XL case insensitivity

Henry

unread,

Mar 6, 2011, 5:26:53 PM3/6/11

to XL programming language and runtime

I have been writing some code in XL2 and hit an unexpected problem --
idintifiers appear to be case-insensitive. I looked around the XLR
code base which supports UTF8 but is also case-insensitive although it
is not quite clear to be how

while (isalnum(c) || c == '_' || IS_UTF8_FIRST(c) ||
IS_UTF8_NEXT(c))
{
if (c == '_')
IGNORE_CHAR(c);
else
NEXT_LOWER_CHAR(c);
}

in scanner.cpp works with UTF8 given than NEXT_LOWER_CHAR calls
tolower rather than towlower but then I am not quite sure what level
of character differentiation is intended in the identifiers.

For implementation of complex simulation codes with symbolic rather
than descriptive identifiers e.g. t for time and T for temperature,
case-sensitivity is really useful or better still support fully
differentiated UTF8 characters as in Fortress so that e.g. Greek
characters and mathematical symbols can be used.

What is the rationale for limiting the distinction between identifiers
in XL2 and XLR? Would it be a problem to support case-sensitivity or
even full support for UTF8 character strings as identifiers?

Thanks

Henry

Christophe de Dinechin

unread,

Mar 6, 2011, 7:13:00 PM3/6/11

to xlr-...@googlegroups.com

You are right that the tolower code is wrong. UTF8 was added a bit as an afterthought. The intent is to support UTF8 identifiers. XLR is a bit closer to that objective compared to XL2.

In the native XL2 compiler, name normalization occurs in XLNormalize, defined in xl.parser.tree.xl. It should be easy enough to add an option here to keep names as they show.

The idea of name normalization was to eliminate "style wars" that have plagued C++. In other words, you are free to write openFile or open_file or Open_File or whatever style suits you best. Better yet, the library doesn't impose its style on your code.

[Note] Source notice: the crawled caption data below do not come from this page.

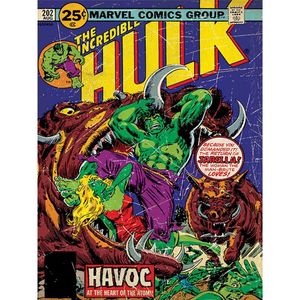 Hulk - Leinwanddruck "Havoc" PM8835 (80 cm x 60 cm) (Bunt)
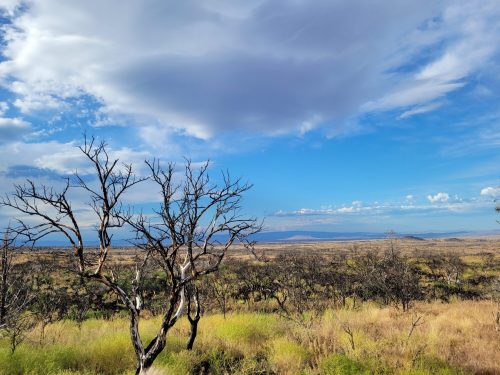 A vast landscape with dry, barren trees, golden grass, and a blue sky with scattered clouds in the background.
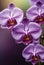 purple orchids with water droplets on them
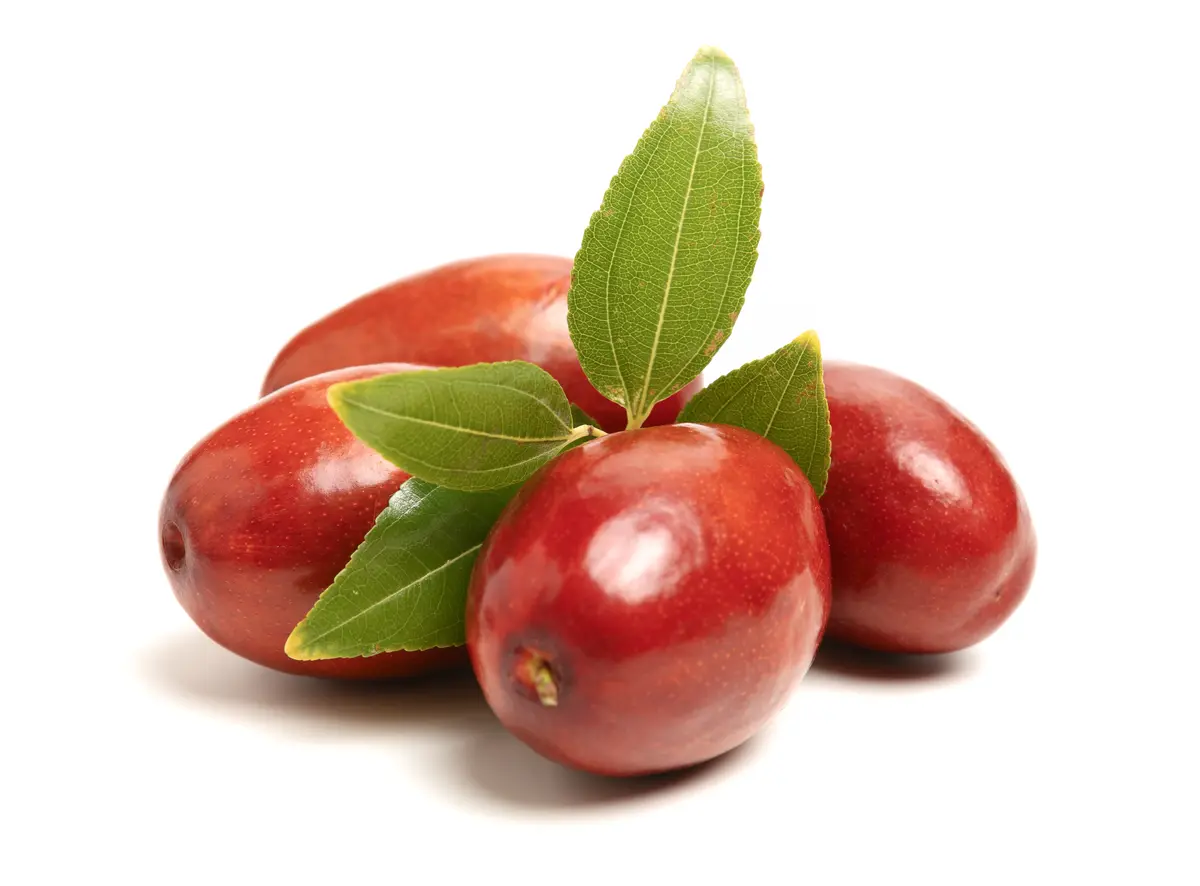 GA 866 Jujube Tree GA 866 Jujube Tree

I understand the problem with simulation code. Someone else already made that point. So it makes a lot of sense to make this an option.

Regards
Christophe

> --
> You received this message because you are subscribed to the Google Groups "XL programming language and runtime" group.
> To post to this group, send email to xlr-...@googlegroups.com.
> To unsubscribe from this group, send email to xlr-talk+u...@googlegroups.com.
> For more options, visit this group at http://groups.google.com/group/xlr-talk?hl=en.
>

Henry Weller

unread,

Mar 7, 2011, 9:32:17 AM3/7/11

to xlr-...@googlegroups.com

> You are right that the tolower code is wrong. UTF8 was added a bit as an
> afterthought. The intent is to support UTF8 identifiers.

Excellent! But with this flexibility is it consistent then to remove case
sensitivity? Would Greek letters also be handled case insensitive?

> XLR is a bit closer to that objective compared to XL2. In the native XL2
> compiler, name normalization occurs in XLNormalize, defined in
> xl.parser.tree.xl. It should be easy enough to add an option here to keep
> names as they show.

Would this option be supplied on the compiler command line or as an attribute of
the module? If the former how would modules developed under different
case-sensitivity options be used together? If the latter would you support an
identifier import rename option as in EuLisp and other module systems?

> The idea of name normalization was to eliminate "style wars" that have plagued
> C++. In other words, you are free to write openFile or open_file or Open_File
> or whatever style suits you best. Better yet, the library doesn't impose its
> style on your code.

OK, I see where your are coming from. However, XL is designed to be very
flexible so people will develop code in different ways and styles which is part
of the attraction of the language so it doesn't seem consistent to me to limit
the flexibility in choosing identifier naming conventions which can help code
comprehension. I am personally against the use of underscores is names and
would much prefer hyphen as in Lisp but this would dictate a need for spaces
between operators in the syntax (which I would not be against), however, I am
now finding that _ is perhaps the best way to denote a sub-script in a symbolic
identifier. Perhaps UTF8 would be better all round but perhaps not if case
sensitivity is enforced.

> I understand the problem with simulation code. Someone else already made that
> point. So it makes a lot of sense to make this an option.

That sounds fine if it could be done in such a way that code developed under the
two options can still inter-operate.